In Fabric (2018)

We have watched a film by director Peter Strickland though I didn’t remember that until I went back to check. It was the Duke of Burgundy about a lesbian BDSM relationship. This one is completely different, being a horror film about, of all things, a dress. It’s a little too weird for me to really like but I have to admit that it is highly original and of course its visuals are simply sumptuous, just like the earlier film.

Sheila is a bank teller and single mother who wants to go back onto the dating scene after her divorce. She is also annoyed by her son Vince constantly having his girlfriend in the house. In a department store, a saleswoman who speaks in strangely archaic and florid prose sells her a beautiful, flowing red dress. She wears it to a date but the man turns out to be disappointing. The next day, she finds a strangely-shaped rash on her chest under the dress. When she puts the dress in to wash in her washing machine, the machine self-destructs spectacularly and injures her. She returns to the store where she bought the dress and is told that the dress is one of a kind and that the one shown in the store catalogue being worn by a model is the very same one she now owns and the model died shortly afterwards.
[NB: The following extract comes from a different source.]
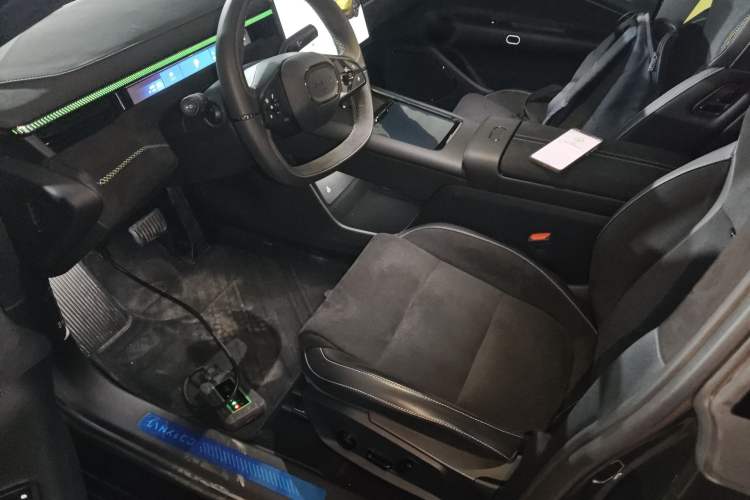 Used Lynk & Co 10 EM-P 2025 Model 240 All-Wheel Drive Ultra—Sport Edition Left Front Seat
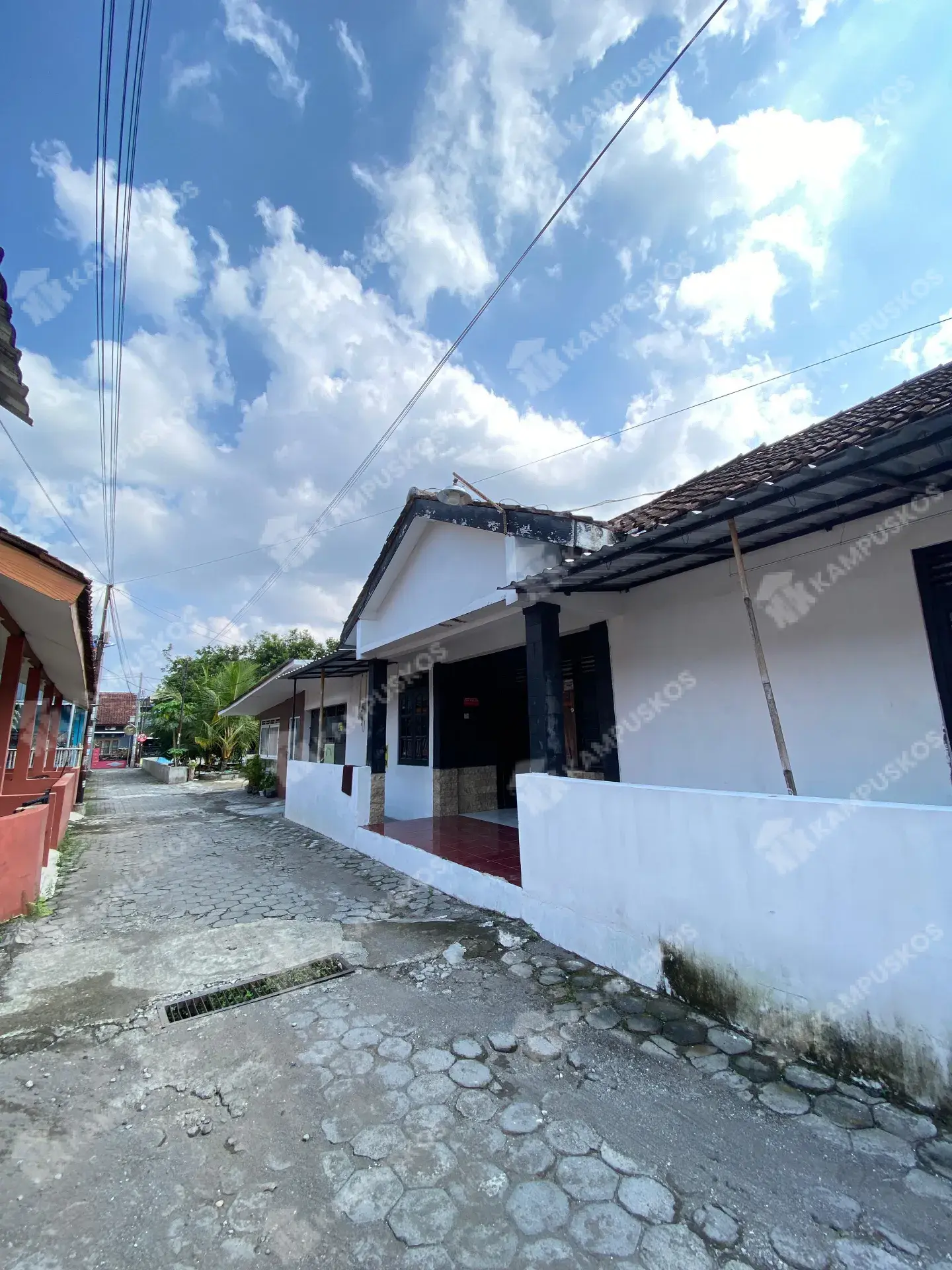 FOR RENT RUMAH MINIMALIS 3 KAMAR AREA CONDONGCATUR - 3K03AL060525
Sheila grows increasingly frightened of the dress after a series of strange incidents, such as hearing noises when it is inside her wardrobe and finding it turning up in odd places. Indeed, when out of sight, it seems that the dress is both malevolent and animate, able to move and float in the air as needed to perform its evil deeds.

As this synopsis indicates, this is a deeply weird film, not just in having a haunted dress but also in that the world it takes places in is a strangely warped version of our own. At first, the differences seem minor, such as Vince’s sexual relationship with his intimidating girlfriend, or the unusual welcoming rituals practised in the department store selling the dress. But the weirdness just piles up. At work, Sheila is called in by two managers who lightly berates her for the most trivial of reasons and she just goes along with it. The department store airs commercials on television that seems to have a hypnotic effect on those who watch it. When the film switches gears to focus on a completely new set of characters, it just gets stranger and stranger. As my wife notes, this film seems to be consciously paying tribute to the work of David Lynch with recognizable shots that could have come out from one his films and even going so far as to include a character who resembles the director. Except that Lynch’s horror tends to be psychological and subtle while this film leaves no room whatsoever to doubt that the dress exerts a powerful and evil influence on everything around it.

I have to admit that the unusual structure and pervasive weirdness means that the horror remains effective throughout. It makes it clear that the focus is on the dress itself and it doesn’t really care about the characters at all, so the film doesn’t fall into the usual expected patterns of most horror films. It’s also interesting to experiment with the horror of a shop selling nefarious items and indeed the proprietor seems to have been patterned after the Slenderman character popularized on certain quarters of the Internet. Plus of course the film is beautifully shot and the dress itself looks positively decadent as its folds ripple and slither in the wind.

Overall I’d rate this as a highly original and effective horror film but as it doesn’t speak to me personally I wouldn’t count it among my favorites. I especially feel that the ending is clumsy and I’d like the background behind the dress to be developed a little more thoroughly than what is done here. In effect, I find that I’d like there to be more plot instead of just leaning on pure atmosphere and imagery.